Summary: Can't activate a host while another host in contending
Product: Red Hat Enterprise Virtualization Manager Reporter: Simon Grinberg <sgrinber>
Component: ovirt-engineAssignee: mkublin <mkublin>
Status: CLOSED INSUFFICIENT_DATA QA Contact: Haim <hateya>
Severity: high Docs Contact:
Priority: unspecified    
Version: 3.0.3CC: acathrow, amureini, bazulay, dyasny, iheim, lpeer, Rhev-m-bugs, yeylon, ykaul, yzaslavs
Target Milestone: ---   
Target Release: 3.1.0   
Hardware: Unspecified   
OS: Unspecified   
Whiteboard: infra
Fixed In Version: Doc Type: Bug Fix
Doc Text:
Story Points: ---
Clone Of: Environment:
Last Closed: 2012-07-15 11:43:57 UTC Type: Bug
Regression: --- Mount Type: ---
Documentation: --- CRM:
Verified Versions: Category: ---
oVirt Team: Infra RHEL 7.3 requirements from Atomic Host:
Cloudforms Team: --- Target Upstream Version:
Embargoed:

Description Simon Grinberg 2012-06-21 12:39:53 UTC
Description of problem:
When a Host is contending for SPM role, any attempt to activate another hosts fails and goes to non operational 

Version-Release number of selected component (if applicable):


How reproducible:
Always 

Steps to Reproduce:
1. Place all the hosts into maintenance 
2. Activate a hosts (let's call it hosts A)
3. Wait until it's status change to contending 
4. Activate another host (let's cal it host B)
  
Actual results:
Host B becomes non operational with a message saying that the connection to storage failed

Expected results:
Host activation is successful 

Additional info:
This is critical in power failure recovery scenario. Assume that power fails and then returns. All the system starts at once.
If all the hosts woke up before RHEV Manager all is fine, if not then the first host that RHEV Manager detects starts contenting. All the other hosts the wake up during this time are moved to non operational, leaving the system with only part of the hosts active after power failure. 

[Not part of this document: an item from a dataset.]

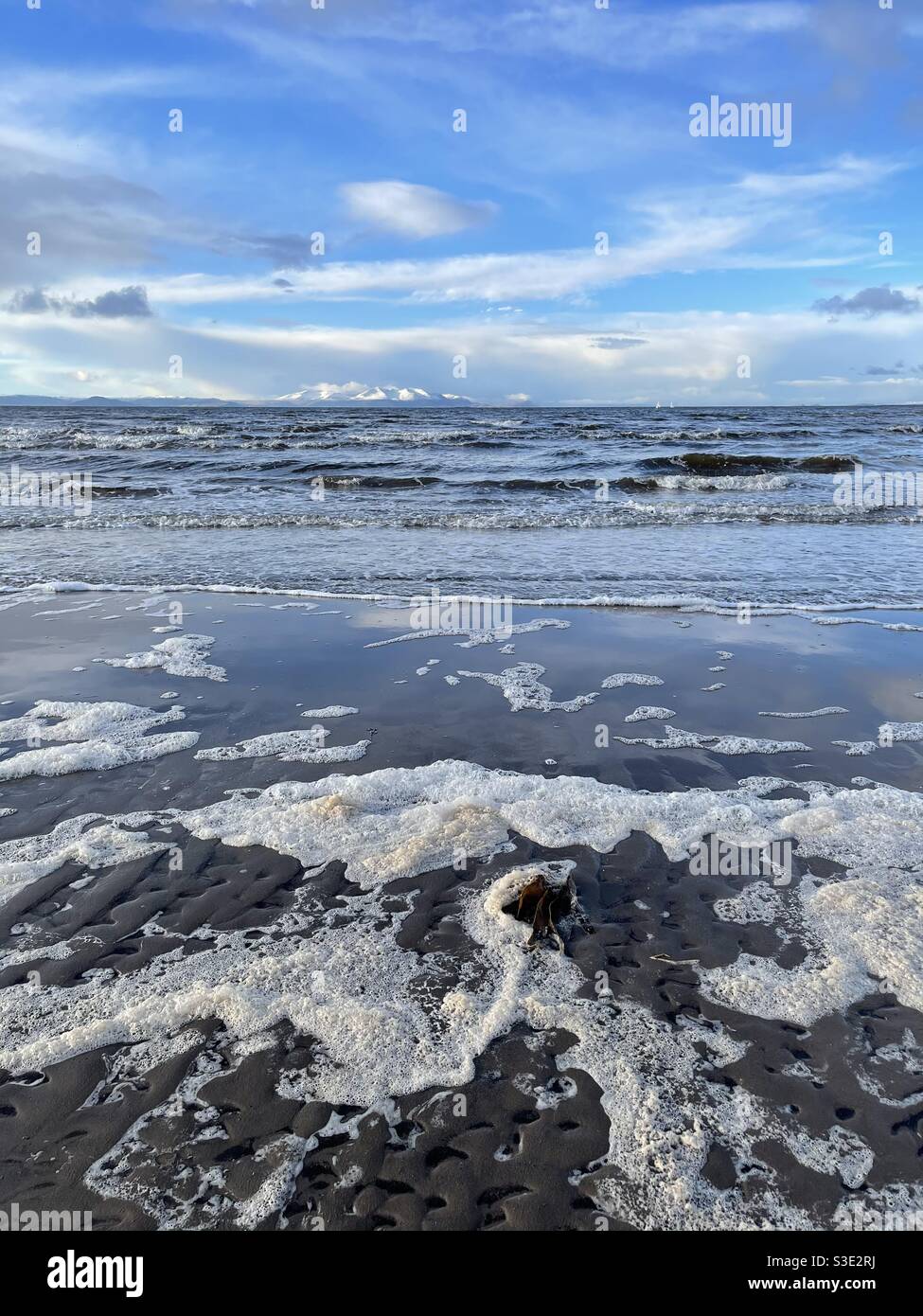 Splendida vista panoramica sul mare oceano dalla spiaggia di Prestwick, Ayrshire, Scozia, sulla Firth of Clyde, costa occidentale. Isola di Arran in lontananza. Spazio respiratorio e aria fresca per la salute mentale e il benessere. Foto Stock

This what happened to me on my setup.

Comment 1 Simon Grinberg 2012-06-21 12:40:52 UTC
Version latest from RHN (3.0.4/3.0.3 for engine)

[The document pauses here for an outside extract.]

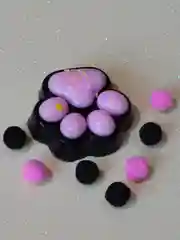 Пудровый лапка антистресс сквиш, мялка лапка, кошачья лапка жмякалка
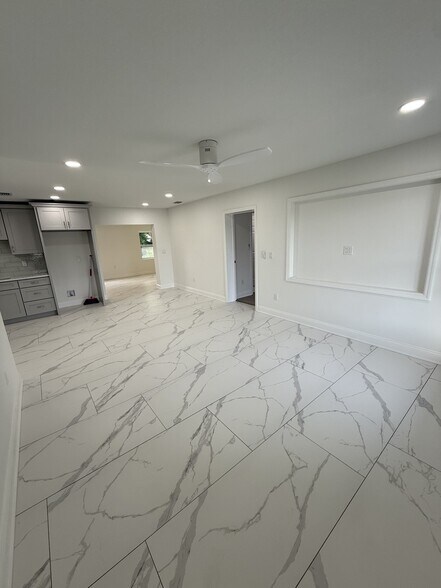 Building Photo - 6521 Alta Monte Dr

Comment 5 mkublin 2012-07-15 11:43:57 UTC
I did not success to reproduce, I don't know what can be a reason and I can not solve it. Closing as insufficient data

Comment 6 Haim 2012-07-15 11:54:51 UTC
(In reply to comment #5)
> I did not success to reproduce, I don't know what can be a reason and I can
> not solve it. Closing as insufficient data

kublin, did you contact Simon ? Simon, if you have a reproducer, please show kublin and move to assigned.